I recently saw a T-shirt that said that “Alcohol, Tobacco, and Firearms should be a convenience store, not a government agency.” Based on the “work” that the ATF does (especially when people like David Chipman were considered for heading up the agency), I think that I tend to agree with that idea.

Even under Presidential administrations that were more pro-2A friendly than Democrat administrations, the ATF tends to overstep the boundaries of the Constitution and to simply be another government force to take away the rights of law-abiding Americans. A perfect example of that is the bump stock ban that went into effective during Donald Trump’s administration.

But, now, that ban has had its day in court, and it didn’t go in favor of the ATF. Zachary Stieber writes,

The U.S. government was wrong when it said a ban on machine guns applied to bump stocks, a federal court ruled on Jan. 6.

The U.S. Bureau of Alcohol, Tobacco, Firearms, and Explosives (ATF) in 2018 claimed that two laws banning machine guns meant bump stocks were illegal, reversing its earlier position. The move, backed by then-President Donald Trump, came after a man carried out a mass shooting in Las Vegas, using bump stocks to fire more rapidly.

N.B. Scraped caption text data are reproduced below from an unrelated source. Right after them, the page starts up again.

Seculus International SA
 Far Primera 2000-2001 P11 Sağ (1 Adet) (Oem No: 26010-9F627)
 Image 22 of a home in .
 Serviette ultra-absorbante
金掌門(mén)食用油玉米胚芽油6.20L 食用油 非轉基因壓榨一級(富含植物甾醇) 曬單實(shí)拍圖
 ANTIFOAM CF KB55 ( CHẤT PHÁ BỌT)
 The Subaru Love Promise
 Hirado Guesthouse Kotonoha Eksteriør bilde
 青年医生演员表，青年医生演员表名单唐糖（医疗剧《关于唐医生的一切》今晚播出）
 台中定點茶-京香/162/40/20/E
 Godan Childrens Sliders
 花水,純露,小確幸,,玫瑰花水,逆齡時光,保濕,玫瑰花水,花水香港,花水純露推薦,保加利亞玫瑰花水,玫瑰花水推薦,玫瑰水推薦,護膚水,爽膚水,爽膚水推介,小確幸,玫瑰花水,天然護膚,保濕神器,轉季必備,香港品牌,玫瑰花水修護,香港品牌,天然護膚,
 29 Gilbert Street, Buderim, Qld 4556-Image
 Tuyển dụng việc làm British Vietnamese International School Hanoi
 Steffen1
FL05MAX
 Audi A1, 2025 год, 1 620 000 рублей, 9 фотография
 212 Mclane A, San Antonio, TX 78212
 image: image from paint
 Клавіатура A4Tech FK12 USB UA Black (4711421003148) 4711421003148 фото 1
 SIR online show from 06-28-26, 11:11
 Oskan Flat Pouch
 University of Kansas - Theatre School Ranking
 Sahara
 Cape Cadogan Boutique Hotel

Michael Cargill, a Texas resident who had to surrender bump stocks due to the reversal, sued in 2019, arguing that the ATF and its parent agency, the U.S. Department of Justice, violated the Constitution by usurping the role of Congress in defining the machine gun ban as extending to bump stocks.

“Cargill is correct. A plain reading of the statutory language, paired with close consideration of the mechanics of a semi-automatic firearm, reveals that a bump stock is excluded from the technical definition of ‘machine gun’ set forth in the Gun Control Act and National Firearms Act,” the U.S. Court of Appeals for the Fifth Circuit said in its new ruling.

This is exactly the right ruling for this case.

Bump stocks very simply do not meet the definition of a machine gun, and the ATF stepped across the line with that rule. They were wrong, and they didn’t have the authority to ban bump stocks.

Let’s hope that we continue to see more court wins like this supporting our 2A rights.